But did they stop paying you the 200 pounds? They did stop paying. Yeah, God damn it. So yeah, but it was a learning curve.

And also I just, I carried on giving them weekly stories, just, you know, one offs for years. You weren’t sort of cast back into the cold. No, no, no.

I’m still in the fold. And I’m giving them very, very genre-based stories where people either got together happily at the end or one of them died. There was no in between.

As it is in life, always. It’s my relationship history. Okay, then, right.

Well, let’s move on and have another offcut. What is this? This is a stage play. And this was about 2006, maybe a little earlier.

And it’s called Troubled. Exterior, street at night. Mary strolls over to take Pat’s arm, both shivering against the cold as they walk along.
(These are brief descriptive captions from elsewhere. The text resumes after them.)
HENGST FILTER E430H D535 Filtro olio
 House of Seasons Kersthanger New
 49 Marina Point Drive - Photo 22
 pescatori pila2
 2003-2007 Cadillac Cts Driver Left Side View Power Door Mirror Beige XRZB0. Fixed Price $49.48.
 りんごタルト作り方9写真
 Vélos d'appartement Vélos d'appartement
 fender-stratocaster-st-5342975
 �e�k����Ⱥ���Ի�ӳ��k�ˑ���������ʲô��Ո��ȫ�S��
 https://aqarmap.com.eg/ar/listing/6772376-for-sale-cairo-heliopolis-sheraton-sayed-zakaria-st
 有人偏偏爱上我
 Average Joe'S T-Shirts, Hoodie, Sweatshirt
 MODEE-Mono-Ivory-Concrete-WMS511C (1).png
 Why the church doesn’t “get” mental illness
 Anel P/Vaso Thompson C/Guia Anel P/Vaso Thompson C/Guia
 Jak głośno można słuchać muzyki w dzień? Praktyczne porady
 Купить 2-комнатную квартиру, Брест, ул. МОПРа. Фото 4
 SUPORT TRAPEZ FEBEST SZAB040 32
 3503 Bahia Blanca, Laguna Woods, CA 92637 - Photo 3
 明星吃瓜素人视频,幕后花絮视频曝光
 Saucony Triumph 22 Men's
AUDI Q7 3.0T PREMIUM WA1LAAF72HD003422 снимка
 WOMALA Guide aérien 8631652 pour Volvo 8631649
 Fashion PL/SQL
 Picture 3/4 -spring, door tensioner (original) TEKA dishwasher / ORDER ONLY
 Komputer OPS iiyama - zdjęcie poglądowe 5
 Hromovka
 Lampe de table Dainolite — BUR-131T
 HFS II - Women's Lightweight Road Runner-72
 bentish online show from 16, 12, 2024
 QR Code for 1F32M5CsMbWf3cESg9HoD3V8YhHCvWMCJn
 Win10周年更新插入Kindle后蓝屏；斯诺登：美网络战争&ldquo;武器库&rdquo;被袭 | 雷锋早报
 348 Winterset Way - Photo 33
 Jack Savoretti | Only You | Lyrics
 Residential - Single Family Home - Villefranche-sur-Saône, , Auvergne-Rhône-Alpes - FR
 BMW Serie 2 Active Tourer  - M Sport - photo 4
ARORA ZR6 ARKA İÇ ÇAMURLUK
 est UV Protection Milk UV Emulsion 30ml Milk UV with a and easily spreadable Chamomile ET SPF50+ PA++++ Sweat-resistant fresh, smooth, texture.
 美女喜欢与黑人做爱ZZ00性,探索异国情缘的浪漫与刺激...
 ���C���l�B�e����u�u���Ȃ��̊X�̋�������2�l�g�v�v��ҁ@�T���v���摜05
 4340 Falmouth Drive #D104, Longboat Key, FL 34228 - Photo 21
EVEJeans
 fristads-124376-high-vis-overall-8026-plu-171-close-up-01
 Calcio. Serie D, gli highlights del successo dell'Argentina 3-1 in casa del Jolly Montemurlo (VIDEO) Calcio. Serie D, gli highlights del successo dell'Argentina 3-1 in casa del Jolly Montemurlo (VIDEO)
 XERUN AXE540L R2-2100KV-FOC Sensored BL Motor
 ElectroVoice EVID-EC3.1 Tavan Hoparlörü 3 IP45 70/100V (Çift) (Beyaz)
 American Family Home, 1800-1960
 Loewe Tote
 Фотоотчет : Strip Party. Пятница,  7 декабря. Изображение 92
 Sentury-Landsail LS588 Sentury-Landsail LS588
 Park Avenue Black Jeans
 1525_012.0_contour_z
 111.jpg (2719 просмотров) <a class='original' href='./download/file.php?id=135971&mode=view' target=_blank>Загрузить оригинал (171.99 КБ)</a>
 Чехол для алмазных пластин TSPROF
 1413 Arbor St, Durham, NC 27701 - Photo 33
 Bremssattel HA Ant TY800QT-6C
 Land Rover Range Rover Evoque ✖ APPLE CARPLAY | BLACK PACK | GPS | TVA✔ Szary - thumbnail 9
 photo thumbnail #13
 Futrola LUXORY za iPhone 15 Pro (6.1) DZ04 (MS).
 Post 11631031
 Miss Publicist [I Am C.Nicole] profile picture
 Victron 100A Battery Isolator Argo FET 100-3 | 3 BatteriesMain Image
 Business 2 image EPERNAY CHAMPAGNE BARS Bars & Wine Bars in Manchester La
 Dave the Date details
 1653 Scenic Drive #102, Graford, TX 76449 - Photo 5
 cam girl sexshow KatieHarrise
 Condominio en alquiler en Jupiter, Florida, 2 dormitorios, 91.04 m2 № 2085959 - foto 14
Mike, a soldier, nervous with a rifle at the ready, is manning a roadblock. Mary and Pat don’t see him yet. Did you see me, Uncle Brain? Head thrown back, bellowing.

I never heard Donny boy murdered so comprehensively. Leave him alone. He’s a grand voice.

A church bell begins to toll. Beneath the dialogue, it tolls 11 o’clock. That’s 11 o’clock, Pat.

Me mother’ll go through you for a shortcut. We promised half ten. We promised.

We should have gone down Shank Hill. There’s too many riots down there these nights. This is safer.

Oh. Mary and Pat notice the roadblock, hear the crackling of the soldier’s walkie-talkie, take in the cocked rifle. Where are you going? What’s your business? We’re… I’m walking me girlfriend home.

Let’s see some ID. Why? I’m walking me girlfriend home in me hometown. Sean Pat.

She gets out her ID. Mary O’Halloran. O’ this and O’ that.

Begara. It means son of. Pat.

Your ID, mate. Come on, then you can get home and canoodle on her doorstep. He’s obviously never met me ma.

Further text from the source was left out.